§ Task requirements
Entries below include pictures. Output exactly the lines from the one with "Chanel Shiny Aged" down to the one with "Cheap Pulsera bismark", both ends included, and leave the pictures out.

§ Given records
+===+

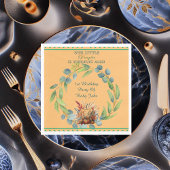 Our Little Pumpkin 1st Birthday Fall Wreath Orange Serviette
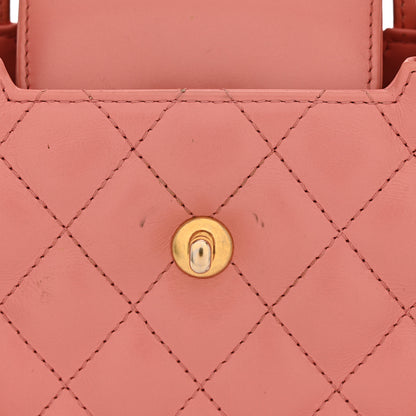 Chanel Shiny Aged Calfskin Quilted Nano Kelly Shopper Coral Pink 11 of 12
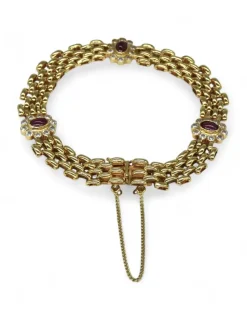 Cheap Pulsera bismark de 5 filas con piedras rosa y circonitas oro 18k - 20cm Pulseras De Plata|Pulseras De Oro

+===+

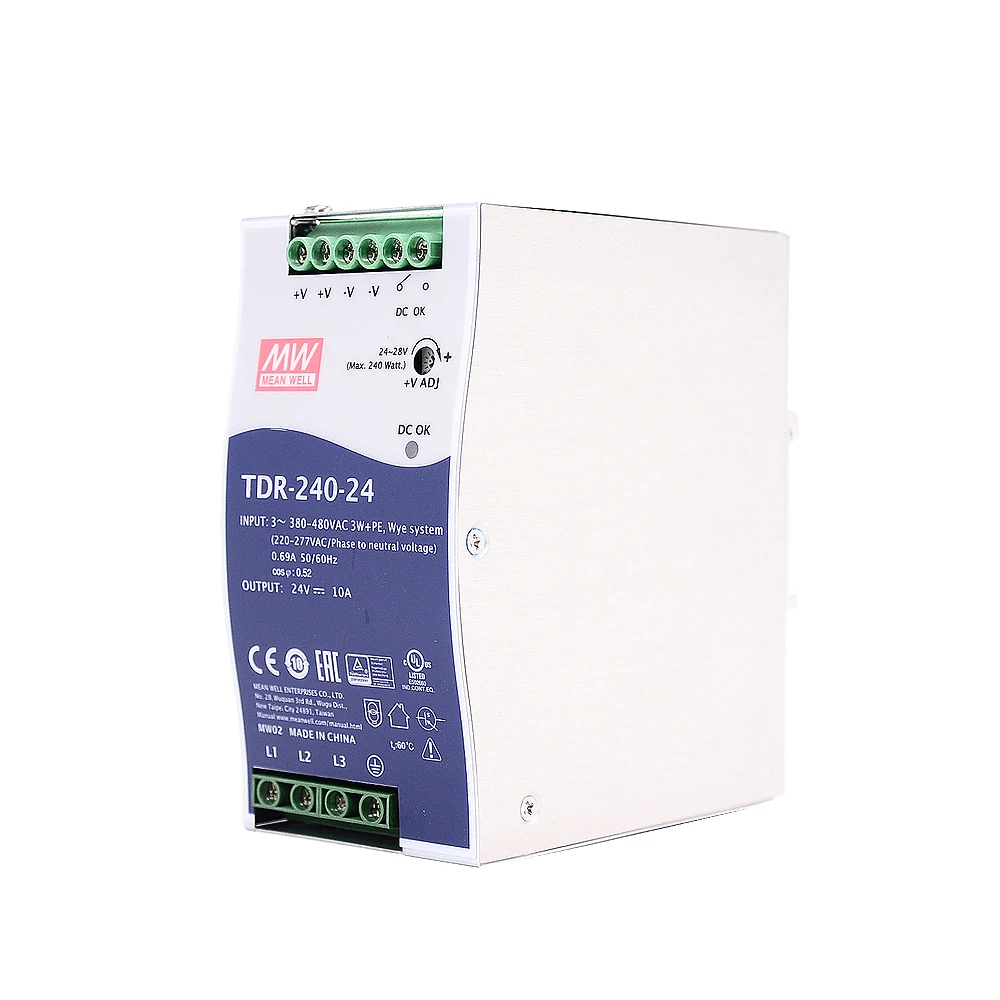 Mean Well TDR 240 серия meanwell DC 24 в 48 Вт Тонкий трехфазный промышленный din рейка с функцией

+===+

§ Output of the exercise
 Chanel Shiny Aged Calfskin Quilted Nano Kelly Shopper Coral Pink 11 of 12
 Cheap Pulsera bismark de 5 filas con piedras rosa y circonitas oro 18k - 20cm Pulseras De Plata|Pulseras De Oro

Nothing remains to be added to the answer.